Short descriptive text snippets
- Opening Delimiter -

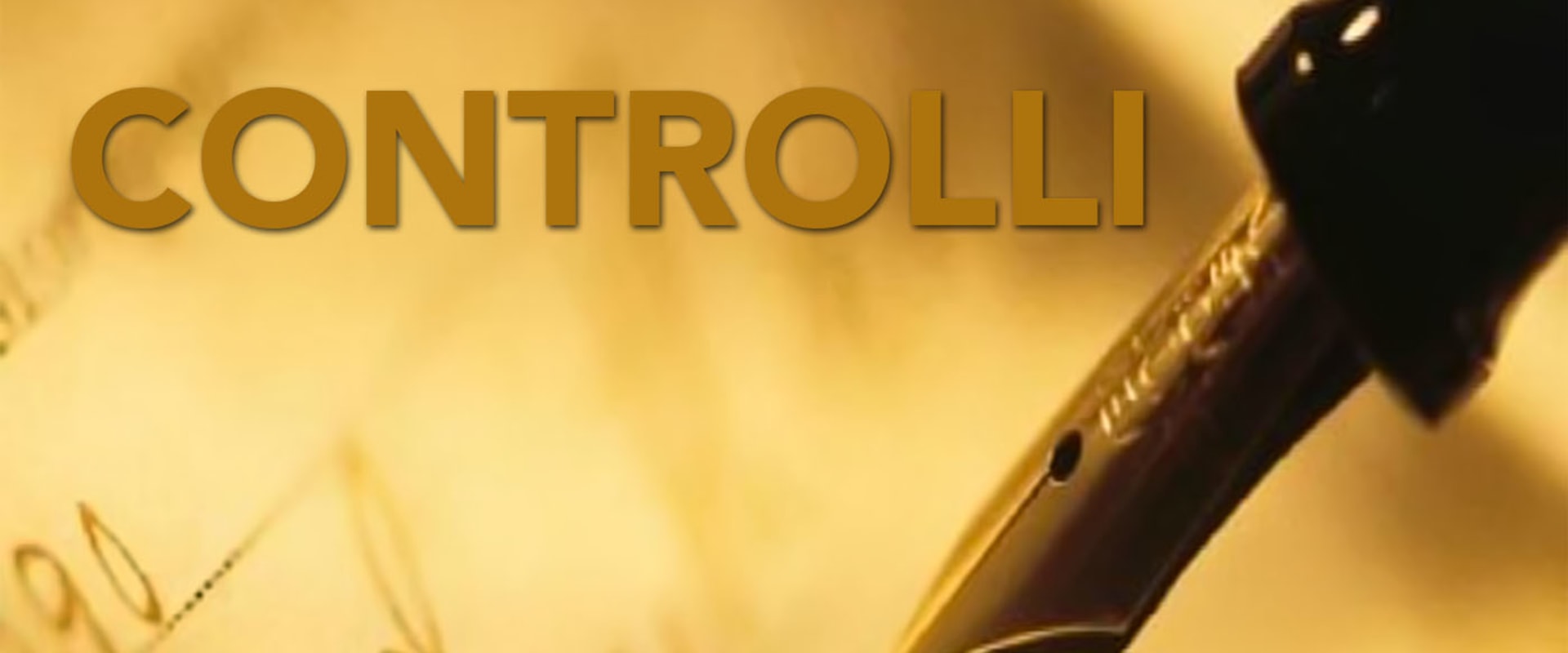 L'importanza dei controlli amministrativi nella sicurezza sul lavoro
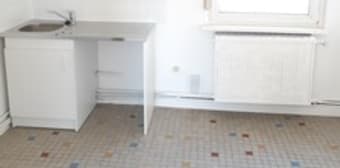 Image 1 - Appartement · Schiltigheim (67300) · 1 pièce · 30m²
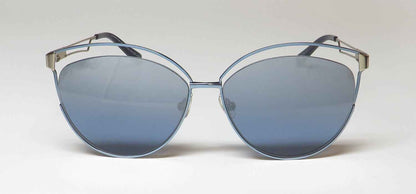 Liebeskind Berlin 10707 Sunglasses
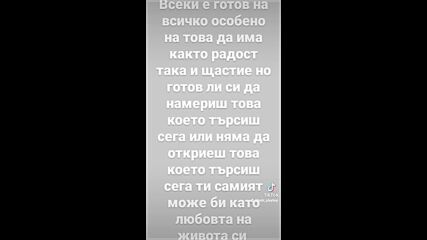 Vid_278491018_025017_631.mp4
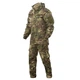 Костюм польовий «Горка» Multicam 44 - зображення 1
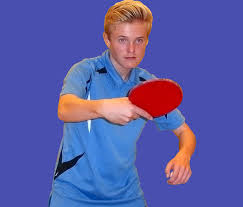 Image result for Portsmouth Table Tennis Club
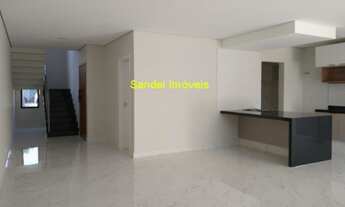 Imagem 5: CONDOMINIO, 3 dormitórios na Rua Aristides Cardoso Leite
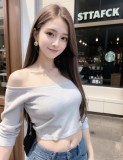 高品質シャネル イアリング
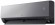 Настенная VRF система Lg ARNU09GSJR4 Настенная VRF система Lg ARNU09GSJR4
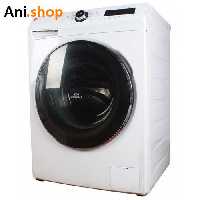 ماشین لباسشویی 8.5 کیلویی مدل wm-8514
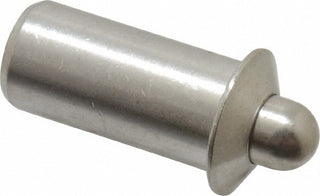 Spring Plunger - Vlier SPFP58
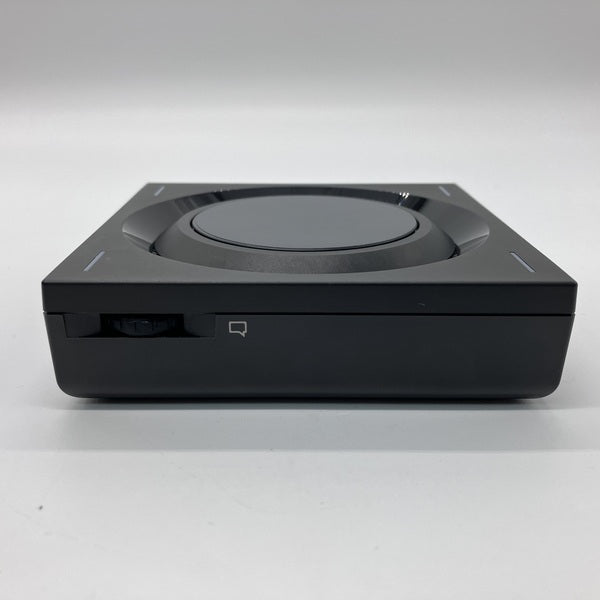 EPOS JAPAN 【中古】EPOS GSX-1000 2nd Edition 【1001150】【秋葉原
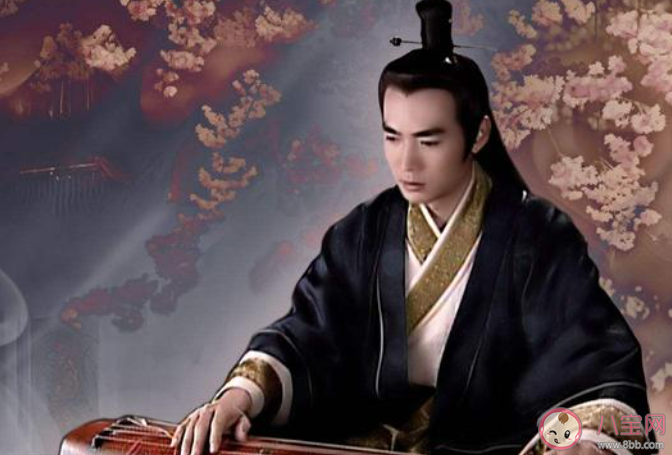 蚂蚁庄园犬子本来指的是什么 4月30日答案最新 蚂蚁庄园犬子本来指的是什么 4月30日答案最新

- Closing Delimiter -

Task item
Copy out, without any pictures, the lines of the records above from the one containing "Vid_278491018_025017_631.mp4" through the final line, both ends included.

Solution to this task
 Vid_278491018_025017_631.mp4
 Костюм польовий «Горка» Multicam 44 - зображення 1
 Image result for Portsmouth Table Tennis Club
 Imagem 5: CONDOMINIO, 3 dormitórios na Rua Aristides Cardoso Leite
 高品質シャネル イアリング
 Настенная VRF система Lg ARNU09GSJR4 Настенная VRF система Lg ARNU09GSJR4
 ماشین لباسشویی 8.5 کیلویی مدل wm-8514
 Spring Plunger - Vlier SPFP58
 EPOS JAPAN 【中古】EPOS GSX-1000 2nd Edition 【1001150】【秋葉原
 蚂蚁庄园犬子本来指的是什么 4月30日答案最新 蚂蚁庄园犬子本来指的是什么 4月30日答案最新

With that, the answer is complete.